(Task goal) When you copy from the entries that follow, take only the lines from the one with "Gaierptone CRXP1PS9H4D Patio-Conversation-Sets" down to the one with "RUNNING AGAINST THE", keeping both ends and dropping every picture.

(Material supplied)
--------

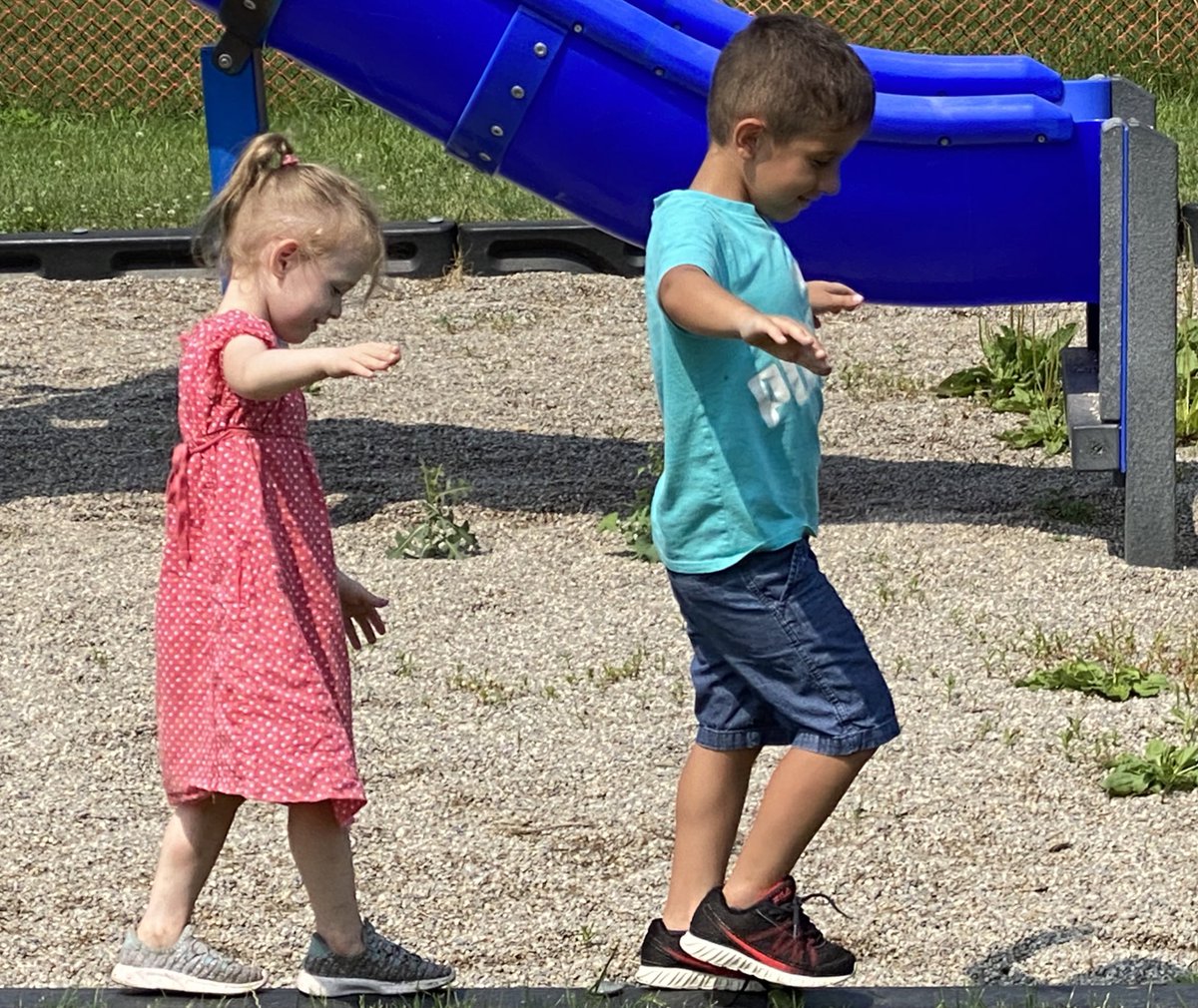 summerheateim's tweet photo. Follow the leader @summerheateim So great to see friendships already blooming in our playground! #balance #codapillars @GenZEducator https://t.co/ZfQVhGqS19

--------

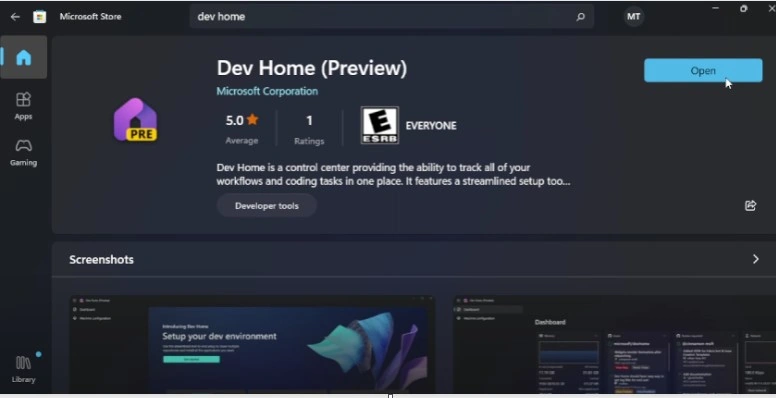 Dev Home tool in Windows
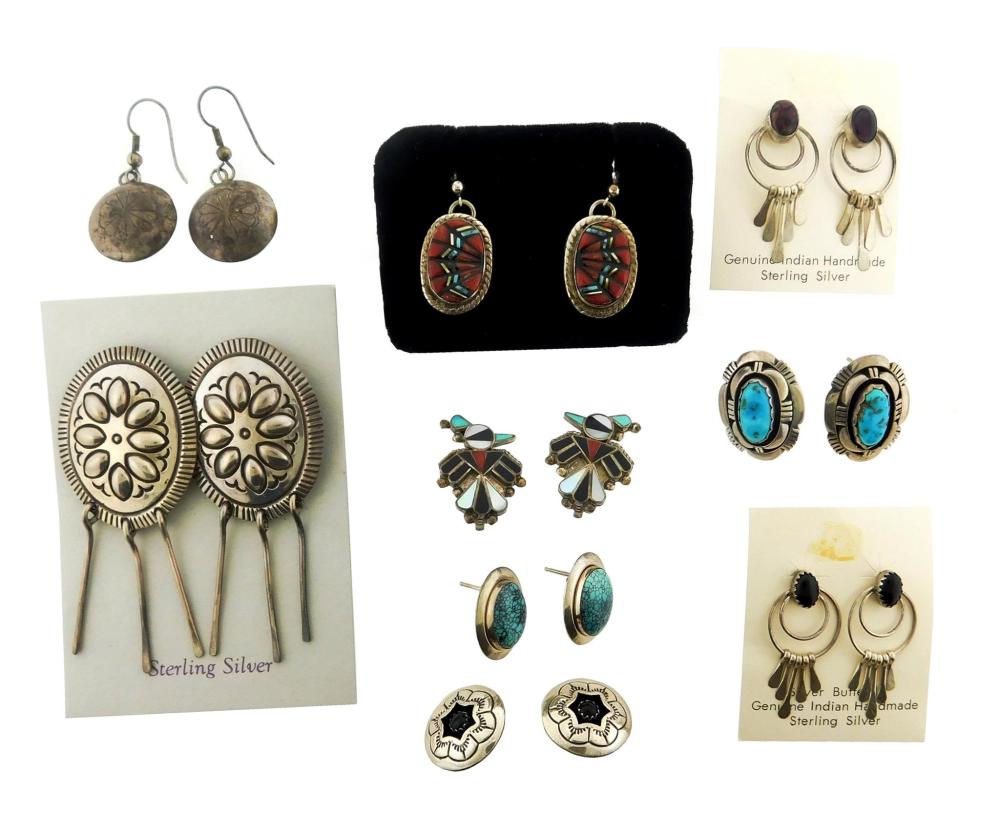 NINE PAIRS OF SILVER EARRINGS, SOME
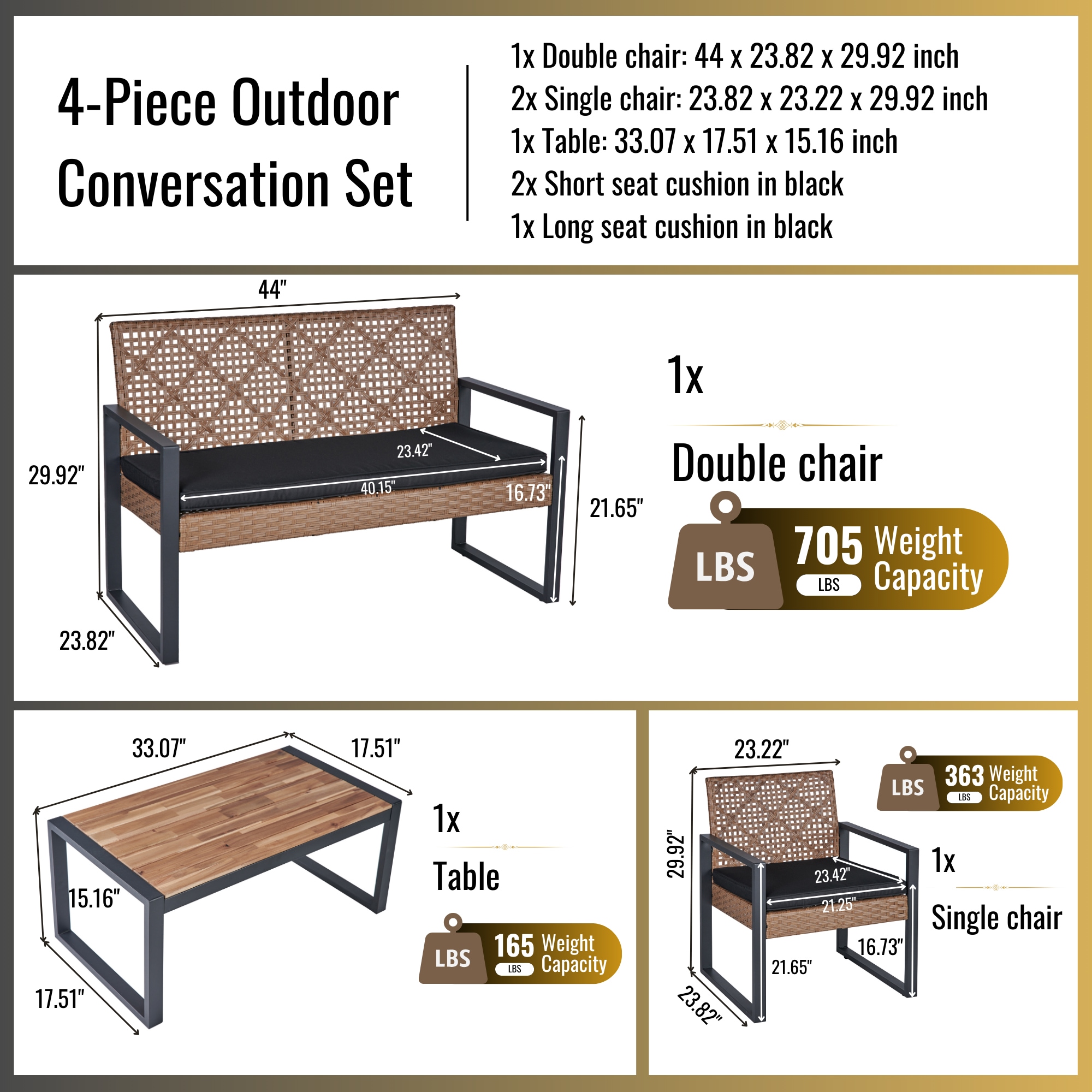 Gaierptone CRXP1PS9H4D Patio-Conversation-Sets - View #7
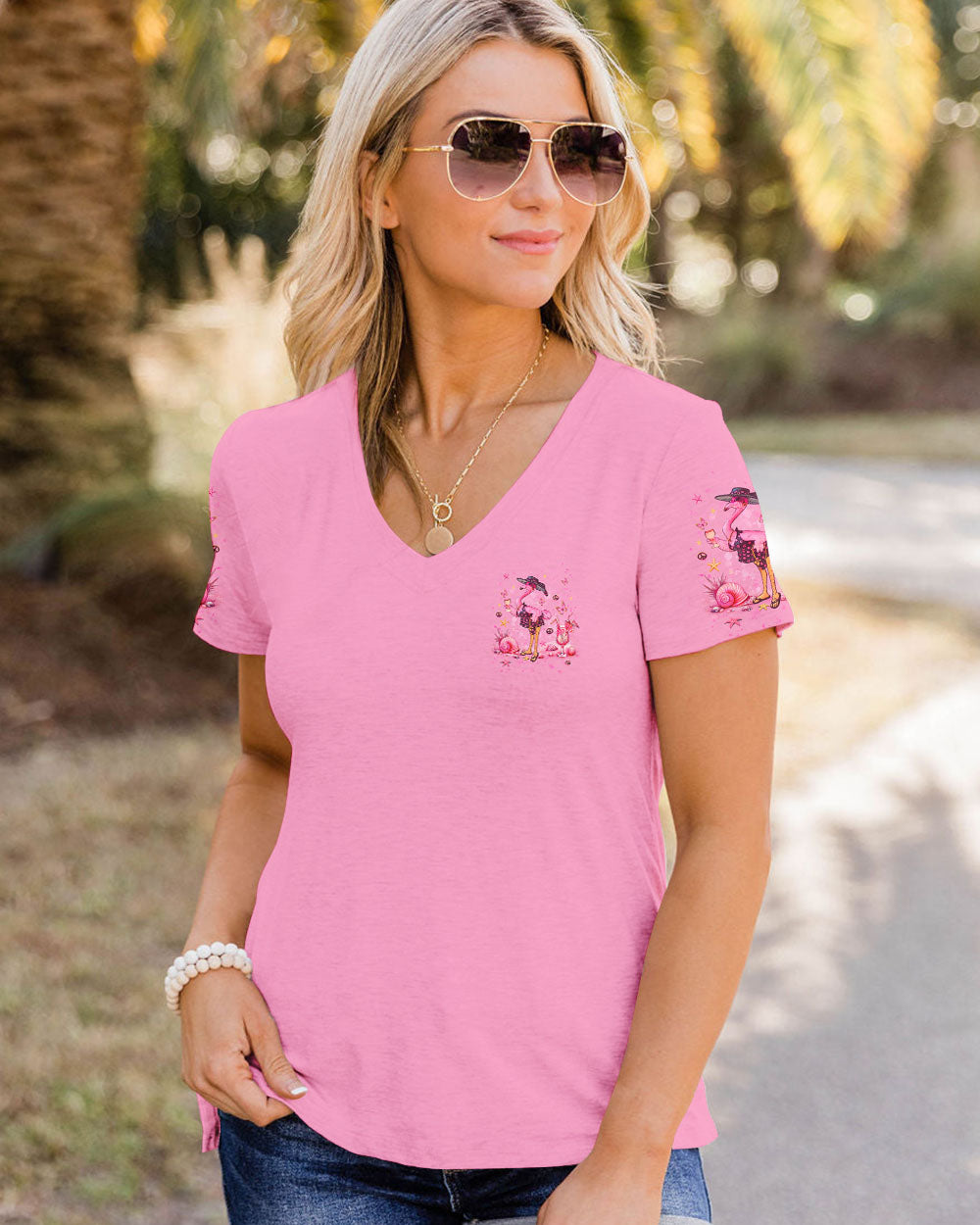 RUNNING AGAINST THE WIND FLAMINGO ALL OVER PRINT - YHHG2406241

--------

(Exercise result)
 Gaierptone CRXP1PS9H4D Patio-Conversation-Sets - View #7
 RUNNING AGAINST THE WIND FLAMINGO ALL OVER PRINT - YHHG2406241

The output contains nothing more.